LTX-Video ValueError: Cannot load because encoder.conv_out.conv.weight expected shape torch.Size([129, 512, 3, 3, 3]), but got torch.Size([129, 2048, 3, 3, 3]).

import torch
from diffusers import AutoencoderKLLTXVideo, LTXImageToVideoPipeline, LTXVideoTransformer3DModel

# `single_file_url` could also be https://huggingface.co/Lightricks/LTX-Video/ltx-video-2b-v0.9.1.safetensors
single_file_url = "https://huggingface.co/Lightricks/LTX-Video/ltx-video-2b-v0.9.5.safetensors"
transformer = LTXVideoTransformer3DModel.from_single_file(
  single_file_url, torch_dtype=torch.bfloat16
)
vae = AutoencoderKLLTXVideo.from_single_file(single_file_url, torch_dtype=torch.bfloat16)
pipe = LTXImageToVideoPipeline.from_pretrained(
  "Lightricks/LTX-Video", transformer=transformer, vae=vae, torch_dtype=torch.bfloat16
)

# ... inference code ...

The above code will encounter the following error:

Traceback (most recent call last):
  File "./ltx-video/1.py", line 9, in <module>
    vae = AutoencoderKLLTXVideo.from_single_file(single_file_url, torch_dtype=torch.bfloat16)
  File "/python3.10/site-packages/huggingface_hub/utils/_validators.py", line 114, in _inner_fn
    return fn(*args, **kwargs)
  File "/python3.10/site-packages/diffusers/loaders/single_file_model.py", line 355, in from_single_file
    unexpected_keys = load_model_dict_into_meta(
  File "/python3.10/site-packages/diffusers/models/model_loading_utils.py", line 230, in load_model_dict_into_meta
    raise ValueError(
ValueError: Cannot load  because encoder.conv_out.conv.weight expected shape torch.Size([129, 512, 3, 3, 3]), but got torch.Size([129, 2048, 3, 3, 3]). If you want to instead overwrite randomly initialized weights, please make sure to pass both `low_cpu_mem_usage=False` and `ignore_mismatched_sizes=True`. For more information, see also: https://github.com/huggingface/diffusers/issues/1619#issuecomment-1345604389 as an example.

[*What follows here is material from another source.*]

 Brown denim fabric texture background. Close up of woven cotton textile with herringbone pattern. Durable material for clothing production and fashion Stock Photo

It seems that the 0.9.5 version is not integrated into the diffusers.

Apr 08 '25 04:04 maxin-cn

+1 ,the same problem

Apr 16 '25 04:04 Zh1ym

same problem, only v0.9.1 is supported for training.

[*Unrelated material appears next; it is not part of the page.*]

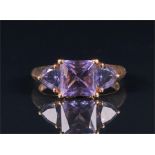 A 9ct yellow gold and iolite ring set with a square cut stone flanked by two trillion cut stones, of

Apr 21 '25 07:04 XuWuLingYu

@maxin-cn @Zh1ym 0.9.5 for inference is integrated in diffusers. I am not sure about training.

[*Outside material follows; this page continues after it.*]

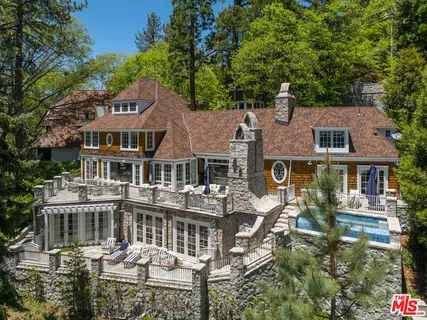 a front view of a building with lots of green space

I have integrated it here (All 3 inference types are supported) https://github.com/newgenai79/sd-diffuser-webui

You can refer this file for code https://github.com/newgenai79/sd-diffuser-webui/blob/main/modules/video_generation/tab_ltx095.py

Apr 21 '25 08:04 nitinmukesh

any updates on this? running into the same problem, can't use 0.9.5 for diffusers inference

Apr 25 '25 22:04 rayli09